[Items listed in a dataset]

BEGIN

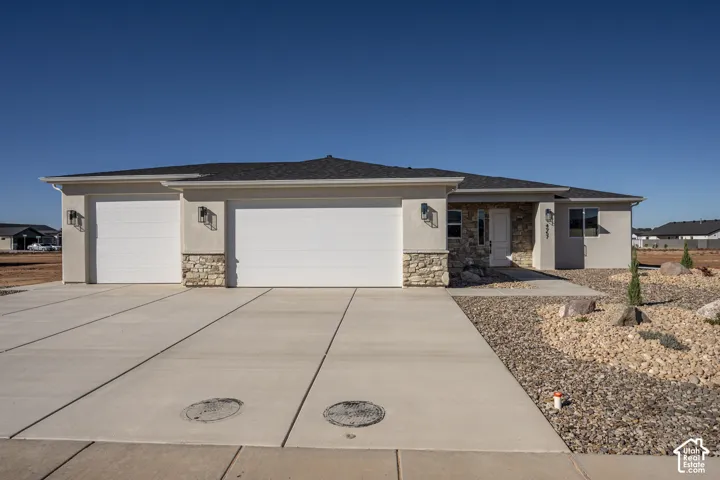 Single-level exterior featuring stucco siding, stone veneer accents, a three-car garage, and concrete driveway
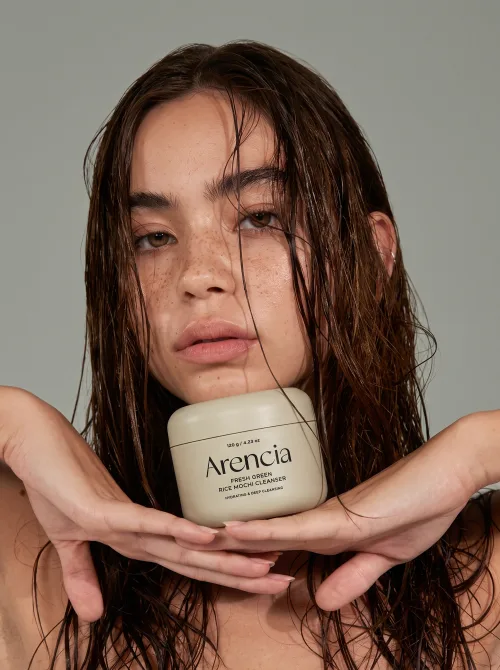 Made on Blogent: beauty campaign, model with wet hair cradling a skincare jar beside her face, soft studio light, clean neutral tones…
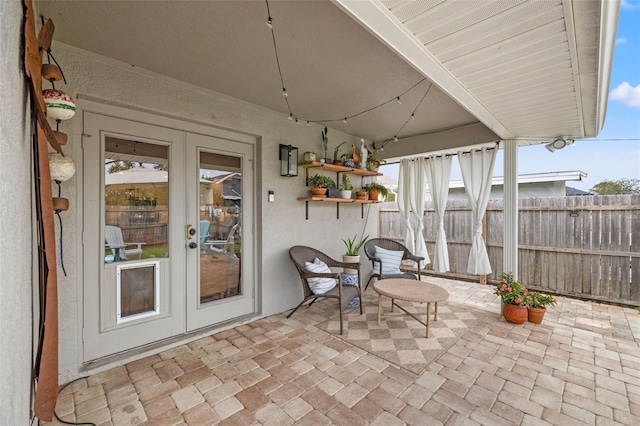 view of patio featuring fence and french doors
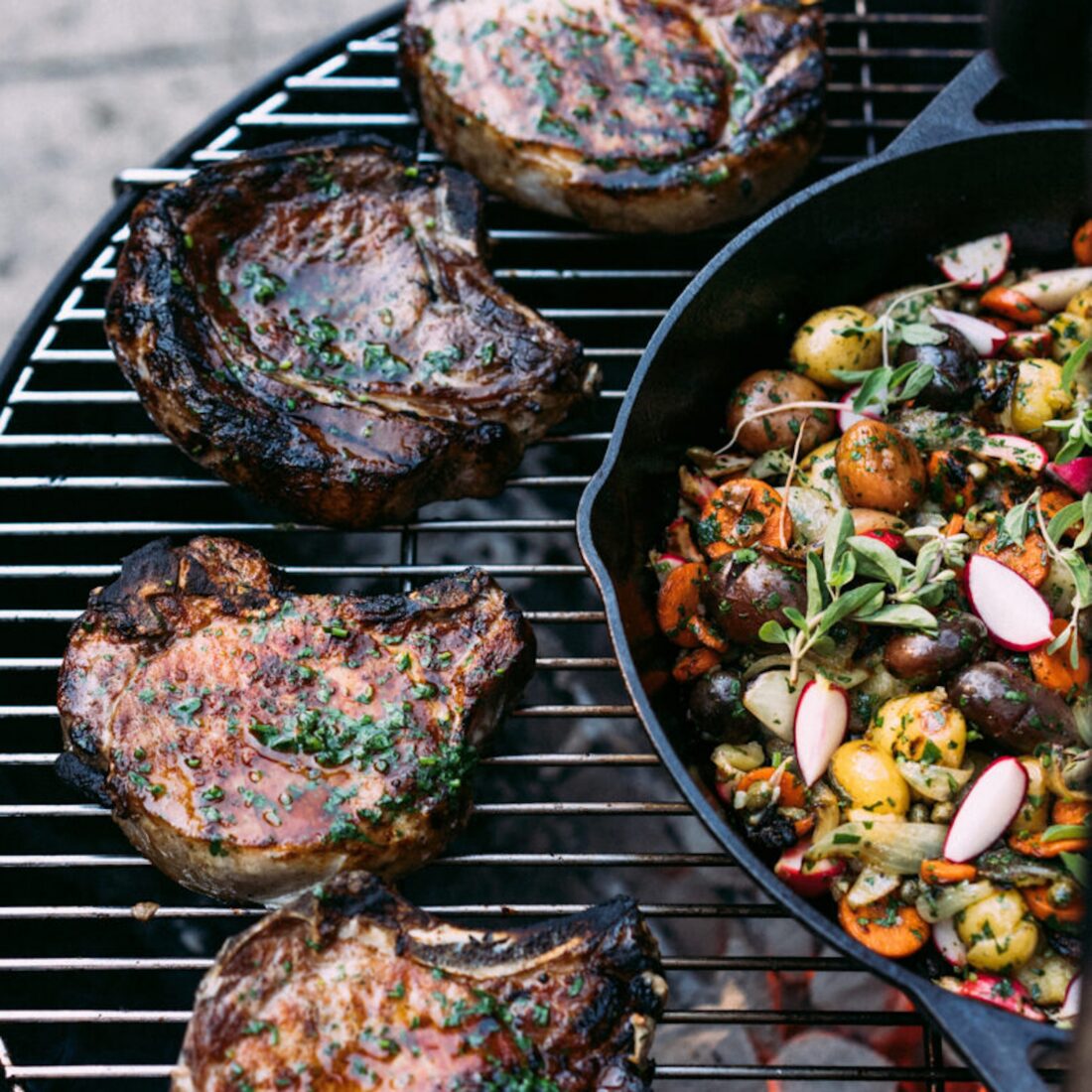 pork chops and roasted vegetables on a grill
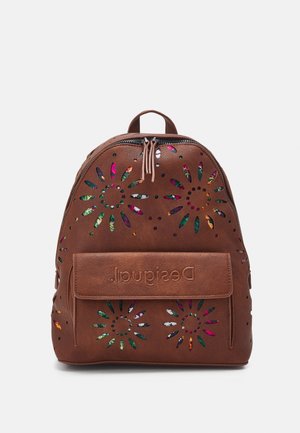 Sac à dos en cuir marron avec des découpes florales laissant apparaître un tissu coloré en dessous et une poche frontale embossée du nom de la marque.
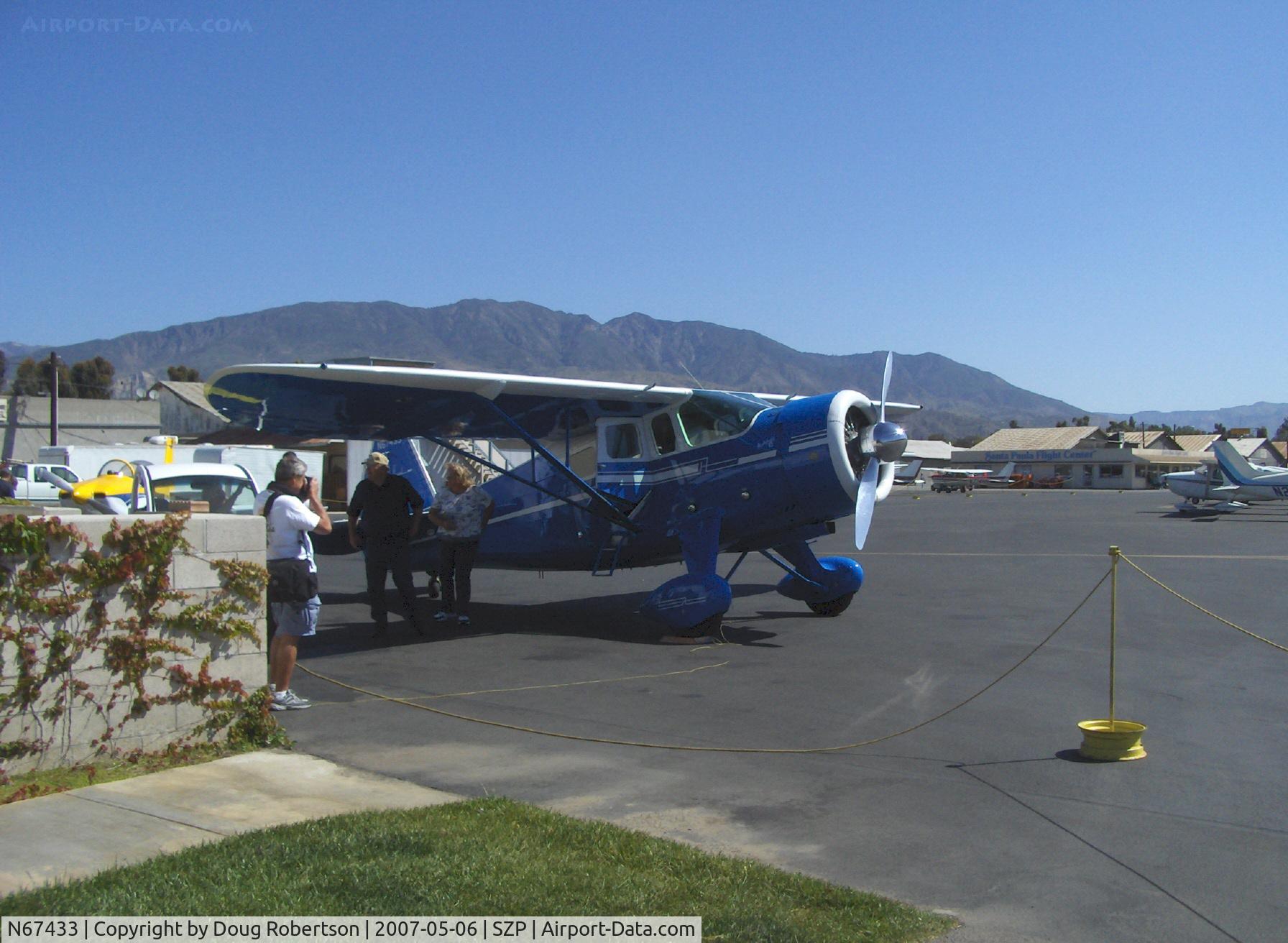 N67433, 1942 Howard Aircraft DGA-15P C/N 563, 1942 Howard DGA-15P, P&W R-985 Wasp Jr. 450 Hp, Archibald 'B', formerly based SZP, refueling, pro photographer gets a shot
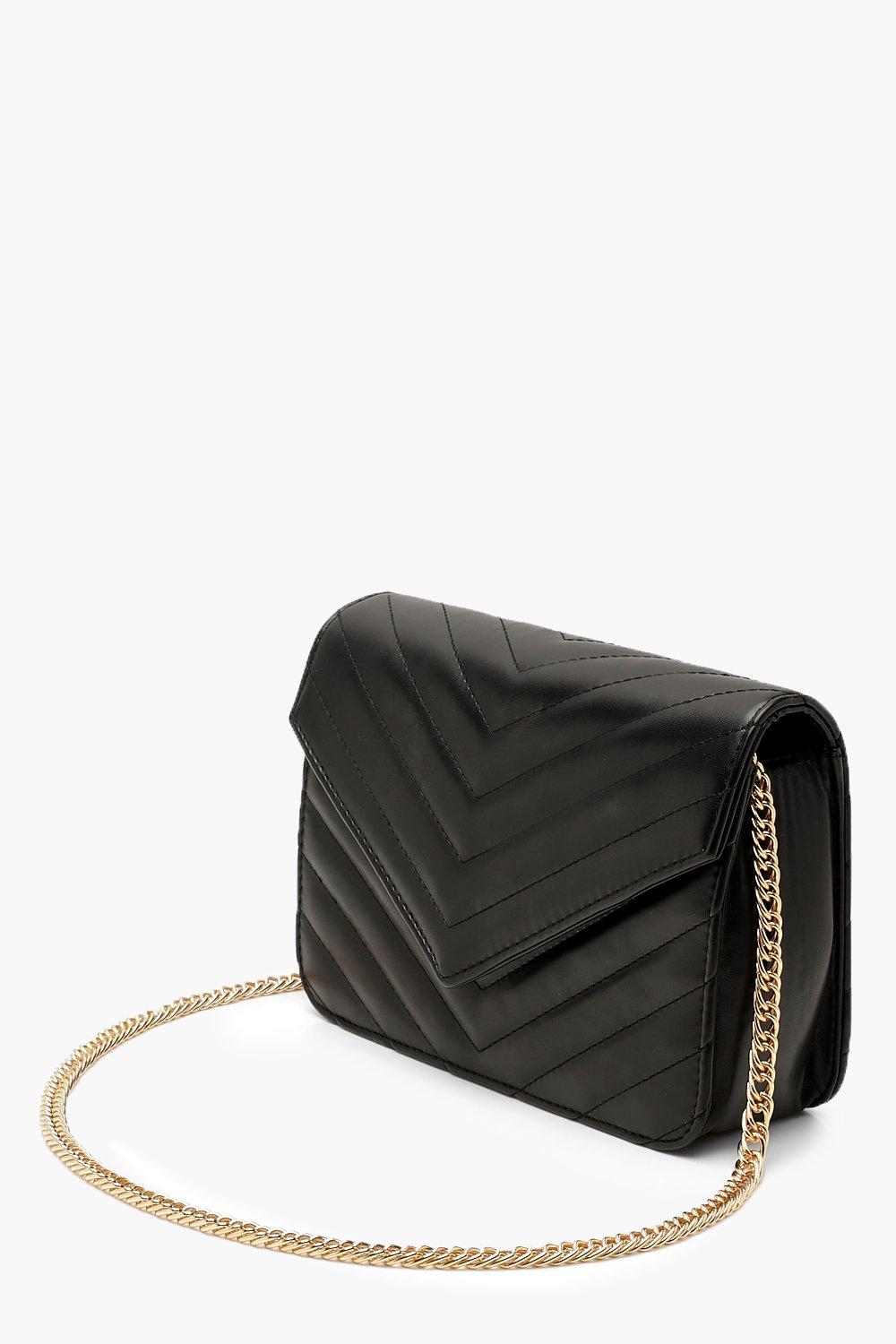 Black quilted cross body bag in 2023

END

• **Directions**
The lines to reproduce run from the line containing "N67433, 1942 Howard" through the last line of the records above, both included. Copy them exactly and drop the pictures.

• **Answer to the problem**
 N67433, 1942 Howard Aircraft DGA-15P C/N 563, 1942 Howard DGA-15P, P&W R-985 Wasp Jr. 450 Hp, Archibald 'B', formerly based SZP, refueling, pro photographer gets a shot
 Black quilted cross body bag in 2023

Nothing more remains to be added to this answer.